War es aufgrund des Spielverlaufs mit dem späten Gegentor nach 80 Minuten ein gewonnener Punkt, oder trauern Sie dem verpassten Sieg nach?
Bei diesem Spielverlauf ist es sicherlich ein gewonnener Punkt. Wenn man die Spielanteile anschaut und sieht, dass wir uns nur wenige Möglichkeiten erspielen konnten, während Sion doch einige gute Chancen hatte, müssen wir demütig bleiben und zufrieden sein. Natürlich wollten wir gewinnen und eine Lücke zu Sion schaffen, aber in so einem Spiel ist es wichtig, zumindest nicht zu verlieren.
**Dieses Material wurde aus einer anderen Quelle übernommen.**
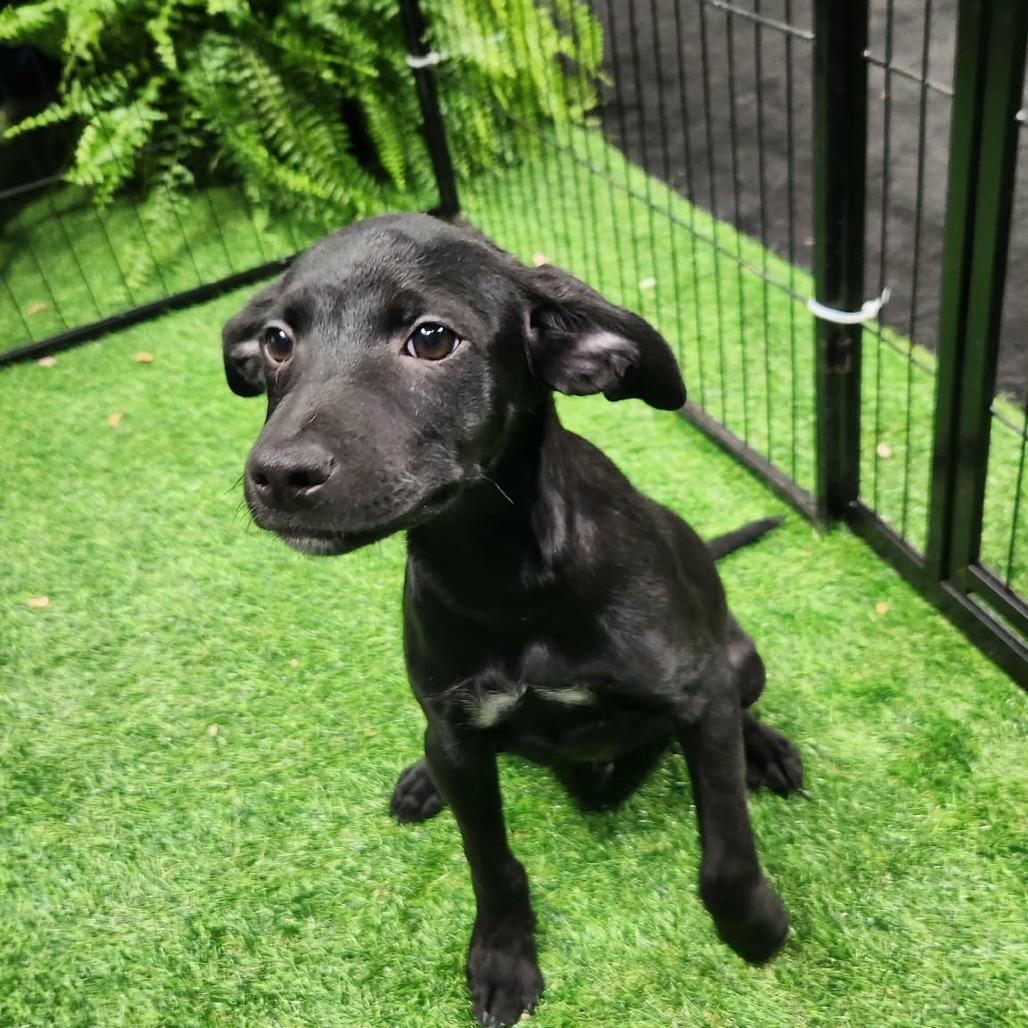 Schwartz AL — thumbnail 3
Thun wirkte im Tourbillon defensiv anfällig, und offensiv lief bis auf das Tor von Nikki Havenaar und zwei Chancen von Ridge Munsy wenig. Haben Sie eine Erklärung dafür?
Das Spiel ist uns schwergefallen. Wir hatten sowohl offensiv als auch defensiv Probleme, und weil wir es defensiv nicht gut machten, sah dann auch die Offensive schlecht aus. Wir hatten keine gute Raumaufteilung, konnten den Ball in den gefährlichen Zonen nicht in unseren Reihen halten, bewegten uns zu wenig. Es lief nicht so, wie wir uns das vorgestellt hätten. Zum Glück konnten wir nach dem Gegentor gleich reagieren.
Matteo Tosetti sagte nach dem Spiel, die Mannschaft habe lange zu ängstlich gespielt und sich nicht getraut, Fussball zu spielen. Teilen Sie diese Einschätzung?
Ja, natürlich. Wir haben zu wenig Fussball gespielt, haben uns zu wenig getraut, den Ball zirkulieren zu lassen. Wir waren zu wenig geduldig. Das haben wir auch bei der Videoanalyse heute Vormittag angesprochen. Das müssen wir besser machen.
Bei einer Niederlage wäre die Lage im Abstiegskampf wieder prekärer geworden. Wirkte diese Ausgangslage hemmend?
Das war sicher in den Köpfen der Spieler drin. Das lässt sich nicht verhindern. Wenn man gegen den Abstieg spielt, kann man nicht gleich befreit aufspielen, wie wenn man im Tabellenmittelfeld klassiert ist und es sportlich um nicht mehr viel geht. Der Druck ist sehr gross, und das spiegelt sich dann auch im Spiel.
Inwiefern?
Dass die Spieler ängstlich sind, zu wenig den Ball fordern und vielleicht froh sind, wenn sie ihn nicht mehr haben. Es ist ein Teufelskreis: In so einem kapitalen Spiel will niemand Fehler machen. Aber durch diese Einstellung passieren sie dann eben umso mehr. Wir müssen uns mehr zutrauen.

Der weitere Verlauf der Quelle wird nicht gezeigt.